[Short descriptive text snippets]
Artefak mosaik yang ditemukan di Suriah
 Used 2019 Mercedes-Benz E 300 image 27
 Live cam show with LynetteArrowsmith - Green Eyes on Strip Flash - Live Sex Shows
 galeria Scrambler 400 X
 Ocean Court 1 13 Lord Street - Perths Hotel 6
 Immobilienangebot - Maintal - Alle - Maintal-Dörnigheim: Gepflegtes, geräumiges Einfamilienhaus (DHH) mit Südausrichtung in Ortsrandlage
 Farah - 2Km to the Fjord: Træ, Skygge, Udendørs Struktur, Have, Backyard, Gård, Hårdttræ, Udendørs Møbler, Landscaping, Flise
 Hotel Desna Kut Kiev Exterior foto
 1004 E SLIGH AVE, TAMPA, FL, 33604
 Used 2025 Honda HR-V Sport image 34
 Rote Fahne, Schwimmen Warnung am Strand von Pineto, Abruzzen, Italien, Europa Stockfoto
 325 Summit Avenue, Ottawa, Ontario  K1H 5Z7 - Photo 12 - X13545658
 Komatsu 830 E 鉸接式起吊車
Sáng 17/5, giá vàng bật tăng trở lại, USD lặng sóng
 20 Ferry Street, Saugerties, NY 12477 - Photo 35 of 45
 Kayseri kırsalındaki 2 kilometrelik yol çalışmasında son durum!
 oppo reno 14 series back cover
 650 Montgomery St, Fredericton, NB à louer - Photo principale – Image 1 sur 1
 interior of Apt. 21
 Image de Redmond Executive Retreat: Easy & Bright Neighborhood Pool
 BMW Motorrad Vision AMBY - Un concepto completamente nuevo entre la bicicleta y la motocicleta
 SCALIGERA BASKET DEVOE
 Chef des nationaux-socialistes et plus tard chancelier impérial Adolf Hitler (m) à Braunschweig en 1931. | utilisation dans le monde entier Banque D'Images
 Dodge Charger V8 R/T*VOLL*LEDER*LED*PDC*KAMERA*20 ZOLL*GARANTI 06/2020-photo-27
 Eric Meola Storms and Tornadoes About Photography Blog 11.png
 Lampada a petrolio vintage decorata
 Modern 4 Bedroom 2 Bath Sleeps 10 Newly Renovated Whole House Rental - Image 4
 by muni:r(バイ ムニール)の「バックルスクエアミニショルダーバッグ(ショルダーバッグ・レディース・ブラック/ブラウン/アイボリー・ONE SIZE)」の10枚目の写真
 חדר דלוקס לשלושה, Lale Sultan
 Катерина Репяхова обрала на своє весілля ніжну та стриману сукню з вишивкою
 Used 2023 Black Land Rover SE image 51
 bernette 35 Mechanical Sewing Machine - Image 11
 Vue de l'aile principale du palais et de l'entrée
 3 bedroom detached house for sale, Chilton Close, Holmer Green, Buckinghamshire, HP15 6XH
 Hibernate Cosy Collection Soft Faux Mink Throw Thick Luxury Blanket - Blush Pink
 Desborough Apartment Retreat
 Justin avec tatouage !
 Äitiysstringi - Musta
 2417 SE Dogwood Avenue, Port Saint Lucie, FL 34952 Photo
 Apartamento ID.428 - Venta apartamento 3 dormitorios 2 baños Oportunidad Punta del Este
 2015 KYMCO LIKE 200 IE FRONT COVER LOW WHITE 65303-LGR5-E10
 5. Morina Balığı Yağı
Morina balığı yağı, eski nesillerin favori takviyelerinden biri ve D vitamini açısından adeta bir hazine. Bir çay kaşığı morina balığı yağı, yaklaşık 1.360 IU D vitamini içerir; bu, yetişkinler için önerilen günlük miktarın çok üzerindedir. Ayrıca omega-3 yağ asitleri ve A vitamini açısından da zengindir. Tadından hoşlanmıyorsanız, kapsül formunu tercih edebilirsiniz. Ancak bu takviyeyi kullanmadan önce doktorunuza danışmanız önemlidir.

**BRIEF:**
Work out the count of lines in the data above containing the string "Avenue". Give it alone.

**OUTPUT OF THE TASK:**
2